Hemispheric asymmetries represent one of the major organizational principles in vertebrate neurobiology, but their molecular determinants are not well understood. For handedness, the most widely investigated form of hemispheric asymmetries in humans, single gene explanations have been the most popular ontogenetic model in the past. However, molecular genetic studies revealed only few specific genes that explain a small fraction of the phenotypic variance.
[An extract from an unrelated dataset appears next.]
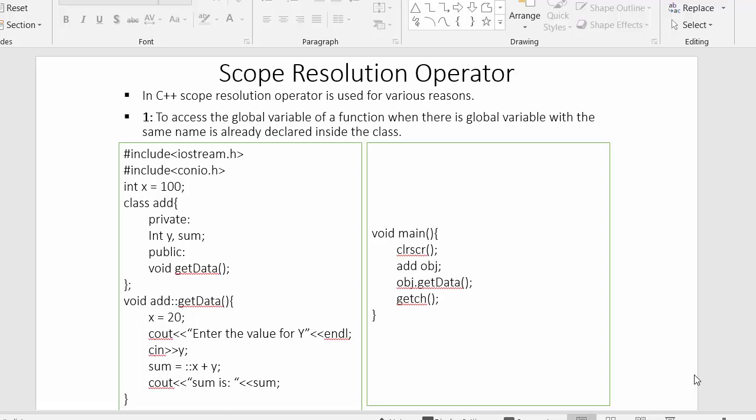Hi everyone, this is Mahmushik and in this video I will discuss the scope resolution operator. This operator was not available in C programming language — it was introduced in C++. There are many uses of this scope resolution operator, and in this video we will see the various situations where we can use it.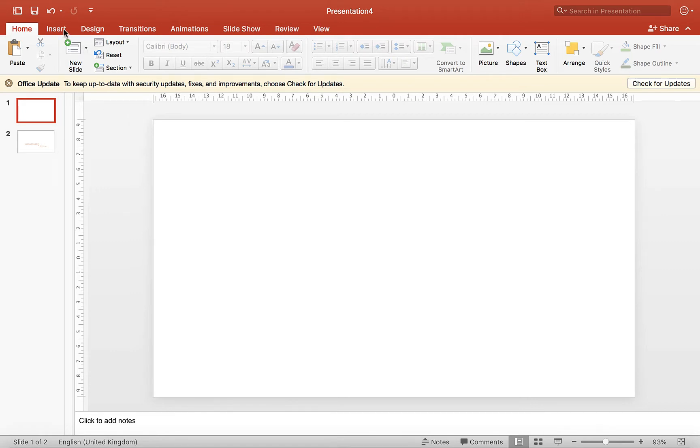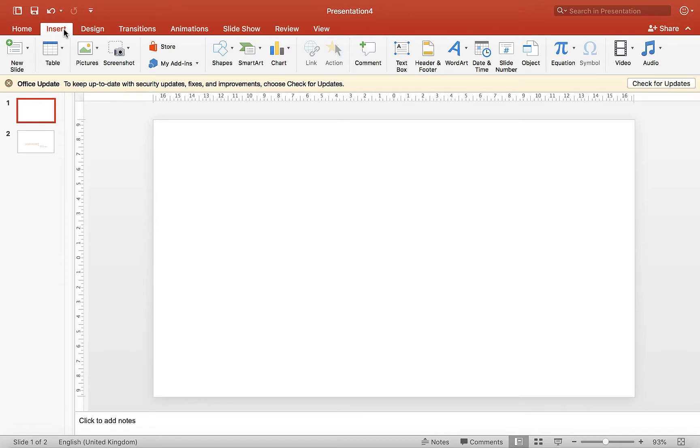So the first thing we're going to do, I'm working in PowerPoint, you can do it in Google Slides as well, I'm just doing this one in PowerPoint.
In contrast, family studies indicated heritability of up to 0.66. It has been suggested that the lack of recognizable genetic heritability is partly accounted for by heritable epigenetic mechanisms. Based on recent neuroscientific findings highlighting the importance of epigenetic mechanisms for brain function and disease, we review recent findings describing non-genetic influences on handedness from conception to childhood. We aim to advance the idea that epigenetic regulation might be the mediating mechanism between environment and phenotype. Recent findings on molecular epigenetic mechanisms indicate that particular asymmetries in DNA methylation might affect asymmetric gene expression in the central nervous system that in turn mediates handedness. We propose that an integration of genes and environment is essential to fully comprehend the ontogenesis of handedness and other hemispheric asymmetries.
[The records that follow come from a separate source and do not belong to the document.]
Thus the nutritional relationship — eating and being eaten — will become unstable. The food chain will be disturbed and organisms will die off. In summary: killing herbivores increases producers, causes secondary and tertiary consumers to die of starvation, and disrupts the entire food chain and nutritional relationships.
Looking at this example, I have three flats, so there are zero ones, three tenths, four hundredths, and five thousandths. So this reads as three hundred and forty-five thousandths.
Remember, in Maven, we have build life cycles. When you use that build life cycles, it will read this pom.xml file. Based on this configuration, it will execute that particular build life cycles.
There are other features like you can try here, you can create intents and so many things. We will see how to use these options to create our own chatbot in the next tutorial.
半球不对称是脊椎动物神经生物学的主要组织原理之一，但其分子决定因素尚未得到很好的理解。对于惯用性，这是人类半球不对称最广泛研究的形式，单基因解释在过去是最流行的本体模型。但是，分子遗传学研究仅揭示了解释少数表型变异的特定基因。相反，家庭研究表明遗传力高达0.66。已经提出，可识别的遗传遗传力的缺乏部分是由可遗传的表观遗传机制引起的。根据最近的神经科学发现强调了表观遗传机制对脑功能和疾病的重要性，我们回顾了最近的发现，这些发现描述了从概念到童年对惯用性的非遗传影响。我们旨在提出表观遗传调控可能是环境和表型之间的中介机制的想法。关于分子表观遗传机制的最新发现表明，DNA甲基化中的特定不对称性可能会影响中枢神经系统中不对称基因的表达，进而介导上手性。我们提出基因和环境的整合对于充分理解手性和其他半球不对称的本体是必不可少的。关于分子表观遗传机制的最新发现表明，DNA甲基化中的特定不对称性可能会影响中枢神经系统中不对称基因的表达，进而介导上手性。我们建议基因和环境的整合对于充分理解手性和其他半球不对称性的本体形成是必不可少的。关于分子表观遗传机制的最新发现表明，DNA甲基化中的特定不对称性可能会影响中枢神经系统中不对称基因的表达，进而介导上手性。我们提出基因和环境的整合对于充分理解手性和其他半球不对称的本体是必不可少的。